Anti-money laundering amendments weren’t kept under wraps – PPP

The PPP yesterday downplayed the fact that complex amendments to the Anti-Money Laundering and Countering the Financing of Terrorism Act were tabled just 20 days before the May 27, 2013 deadline for review by the Caribbean Financial Action Task Force (CFATF), despite the fact that the administration was alerted to its shortcomings at least a year ago.

Executive member of the PPP Irfaan Ali told a party news conference that the amendments are well known and have existed in the public domain since the bill for the principal Act was passed by the National Assembly in 2009.

“It is not as if this thing was locked up in a room. It was out there,” Ali stated.

“The opposition in the last Parliament supported this bill.

It was there. This is the amendments,” he added, while maintaining that the government was not rushing the process and that all political parties have been aware of the May 27 deadline from the inception of the CFATF’s original recommendations.

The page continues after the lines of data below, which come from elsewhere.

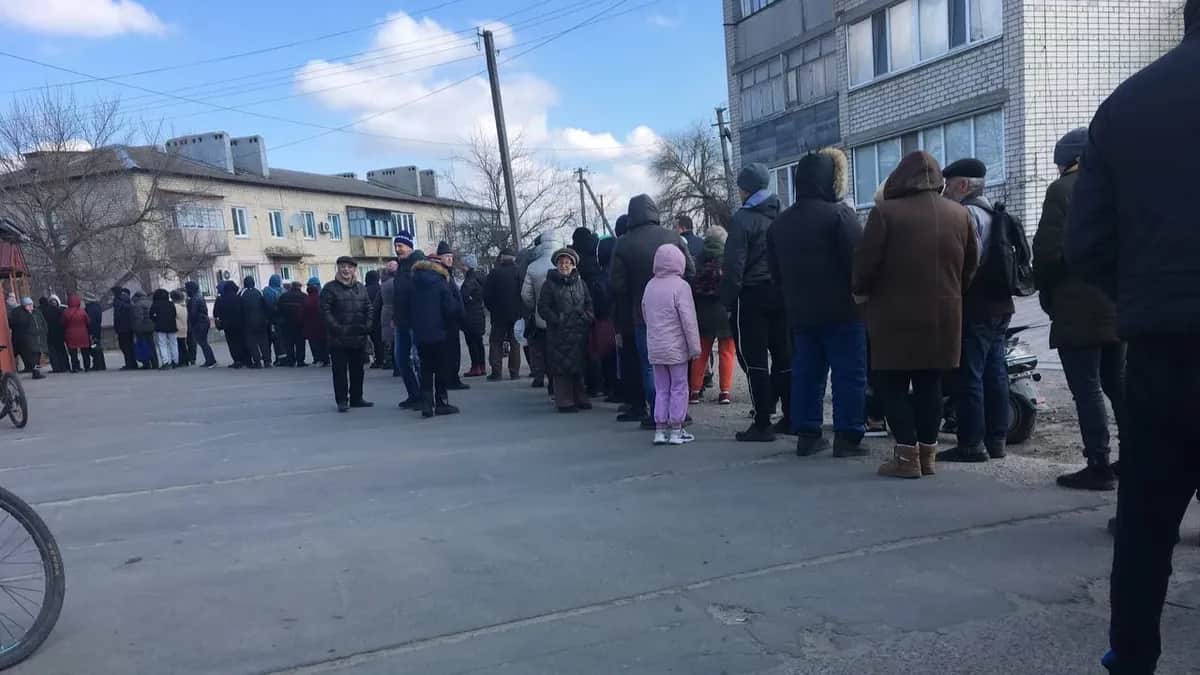 Очередь за хлебом в Голой Пристани, март 2022 года. Фото: Ольга Васильева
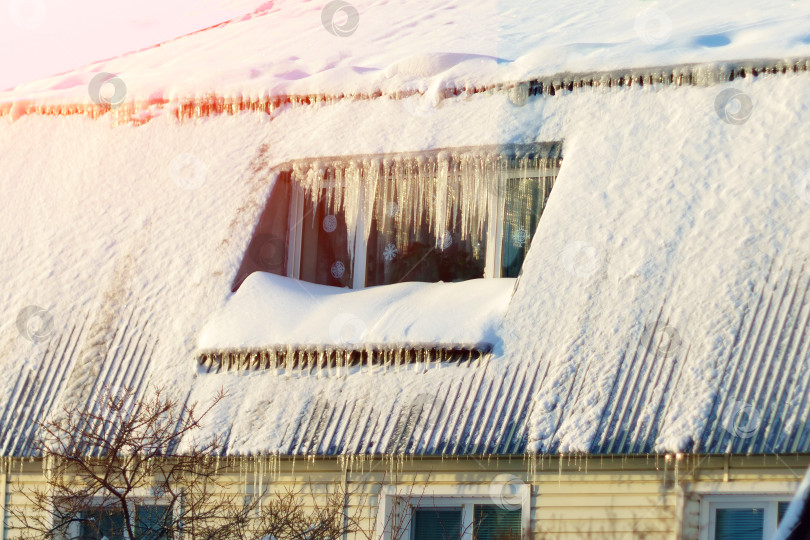 Скачать Сосульки зимой. Замерзшее окно в доме. Зимний сезон фотосток Ozero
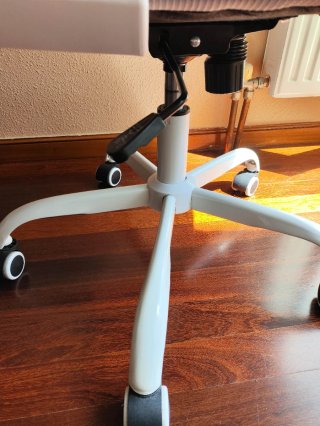 Silla de oficina ergonómica con soporte lumbar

Critics say the administration is rushing to make last minute changes even though it knew what was required years ago as most of the amendments in the Anti-Money Laundering and Countering the Financing of Terrorism (Amendment) Bill No. 12 of 2013—introduced by Attorney-General Anil Nandlall on May 7—stem from the recommendations the CFATF would have made in its Mutual Evaluation Report (MER) on Guyana in July 2011.

Ali said that the opposition parties had originally agreed to the 2009 Act and had multiple occasions to raise their concerns. When Stabroek News, however, pointed out that the make-up of the National Assembly has since changed, with the opposition now controlling a majority, Ali did not move on his position that the original bill passed unopposed without query on the side of the opposition.

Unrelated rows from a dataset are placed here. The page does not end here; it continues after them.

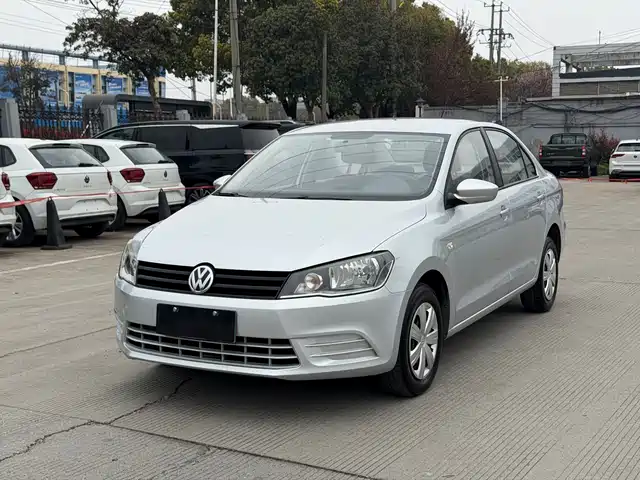 VOLKSWAGEN JETTA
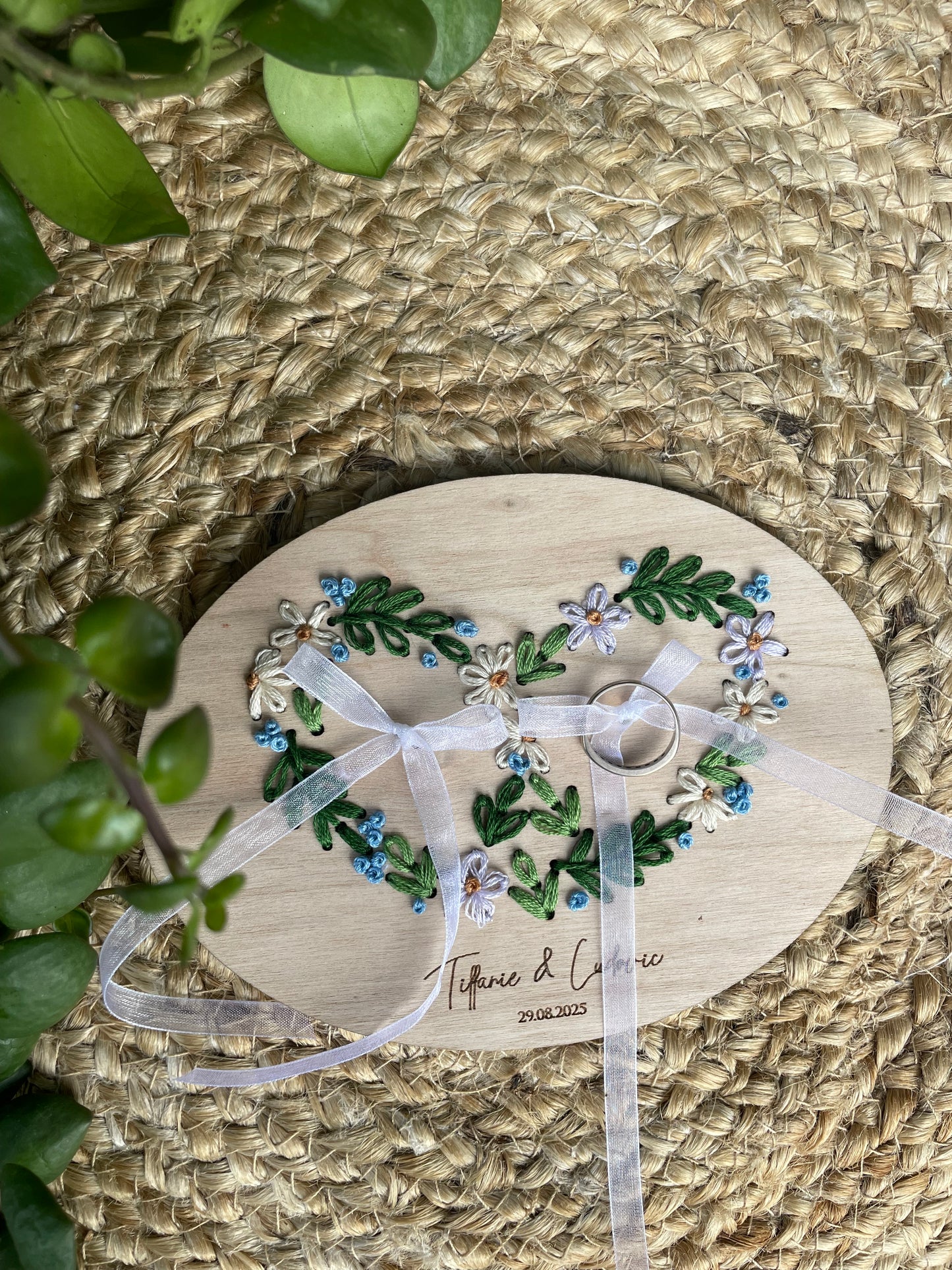 Porte-alliances brodé en bois – Bretzel floral personnalisé 🥨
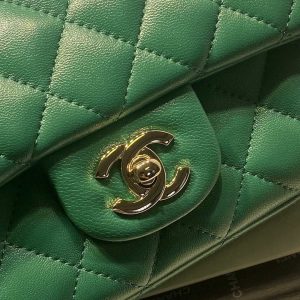 chanel as2431 mini flap lambskin bag with top handle green bright gold 002 luxibags.ru .jpg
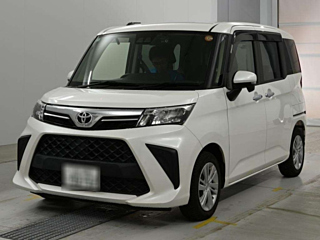 2022 TOYOTA ROOMY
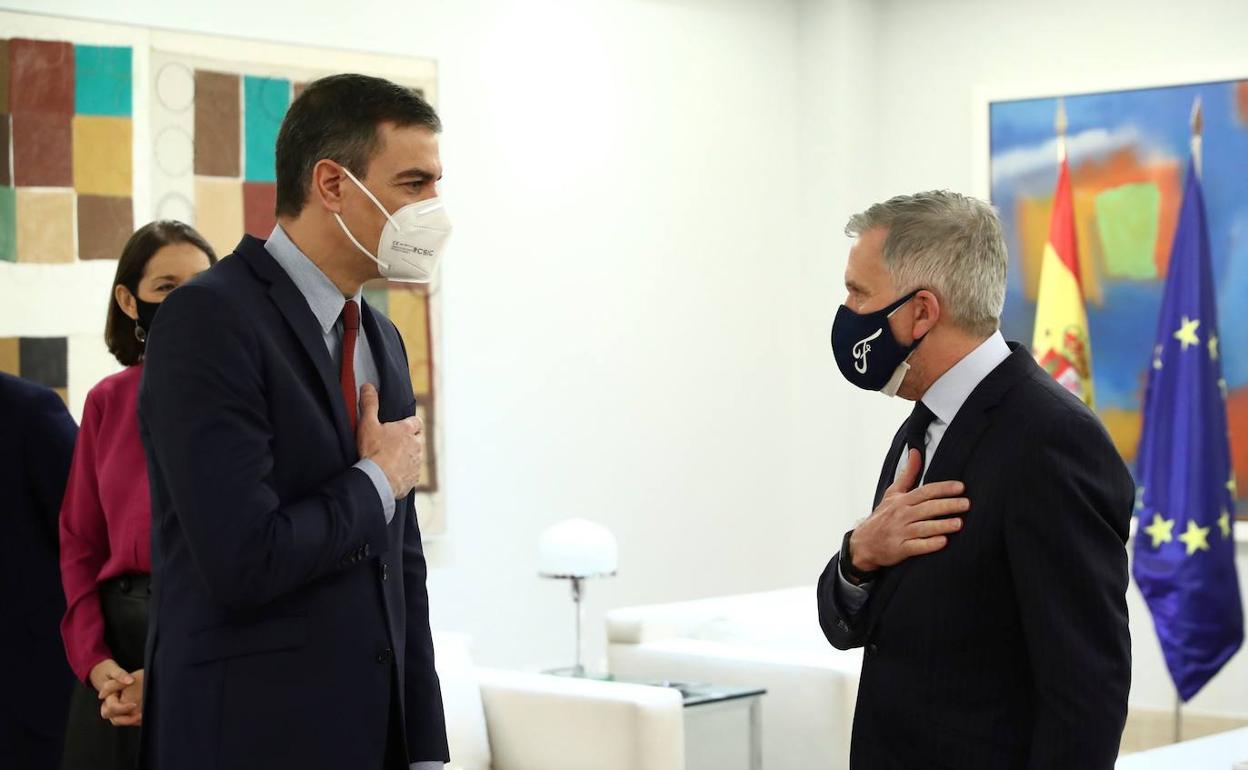 El presidente del Gobierno, Pedro Sánchez, con el presidente de Ford Europa, Stuart Rowley.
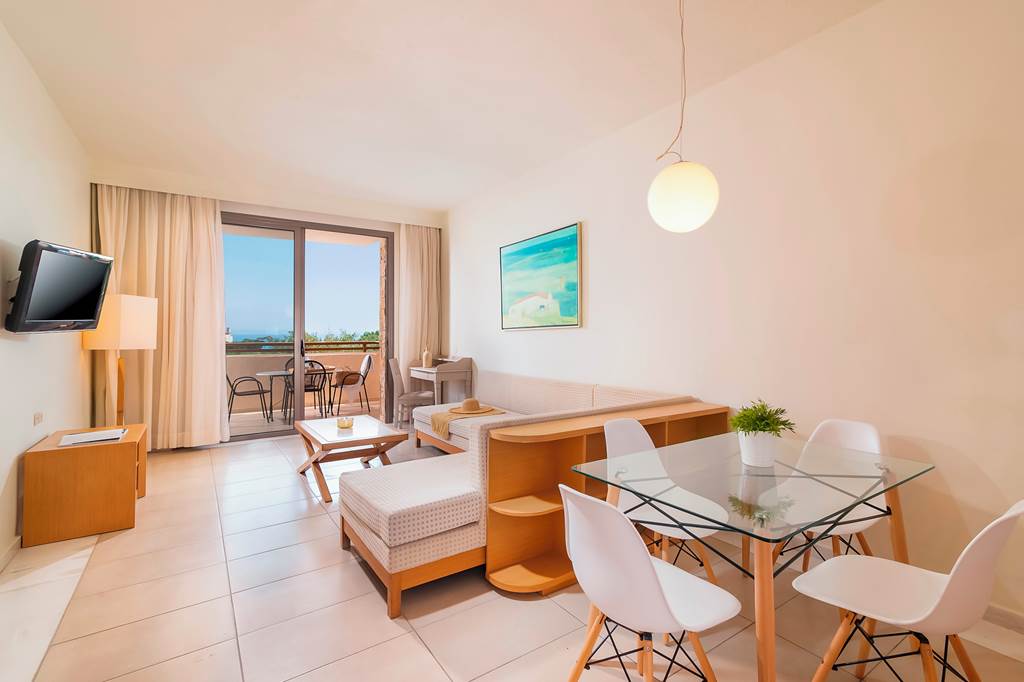 SKG_74441_Kassandra_Palace_0720_16.jpg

He stated that the looming deadline meant that the opposition could have simply gone ahead with revision of the amendments.

The government representative was unwilling to take responsibility that the government failed to take into consideration the change in dynamic of the National Assembly.

Ali was also reluctant to acknowledge that the CFATF recommendations from July 2011 took almost two years for revision by the government and that the National Assembly was expected to pass the legislation with three weeks to meet the deadline. “If the opposition had any difficulty with any of the changes—and this was discussed—why wasn’t anything raised in the public?” Ali questioned, saying that the opposition was acting without a care to the potential ramifications if Guyana does not comply with international recommendations. It was noted by Stabroek News that the opposition parties have indeed raised concerns, which they cited in commending the bill to a Special Select Committee.

PPP/C MP Juan Edghill stated that the original bill stayed in a special select committee for two years, beginning in 2007. He noted that the same level of commitment could not be given to the amendments because of the deadline.

PPP representatives refused to provide answers to critics who have claimed that the government’s slow response to tabling the bill, almost a year since the final recommendations were made on behalf of the CFATF, was because it failed acknowledge the change in dynamic in the National Assembly.

Edghill stated that the bill was only tabled on May 7 “because a process of consultation was conducted, the legislative drafters… the Attorney General chambers had to fine tune all the necessary language with support from experts, which aided this process, which was heavily supported by the international community.”

PPP representatives during the press conference repeatedly called the amendments “complex” but would not concede that the complexities necessitated revision and understanding prior to the amended bill being passed into law.

Ali emphasised that the consequences for missing the deadline would weigh negatively on the private sector, including local importers and exporters. “…because their transactions will be subjected to more intense scrutiny. More than that, funds or banks or financial institutions outside this jurisdiction may refuse, as they have done in the past in many other cases, to do business with the country, to do business with any firm operating out of the country,” he said, while noting that Guyana, which currently ranks 140 out of 155 on the World Bank’s Logistics Performance Index, can expect trade to suffer.

Ali said that for the everyday Guyanese who access money transfer services, this could cease.

He noted that Guyana sees a high level of remittances from overseas, which would be virtually inaccessible if sanctions are put in place and the country is blacklisted.

“There seems to be a comprehensive understanding among members of the opposition that they are going to block development; that they are going to block economic advancement; they are going to block financial reforms because they want to see the government fail,” he said.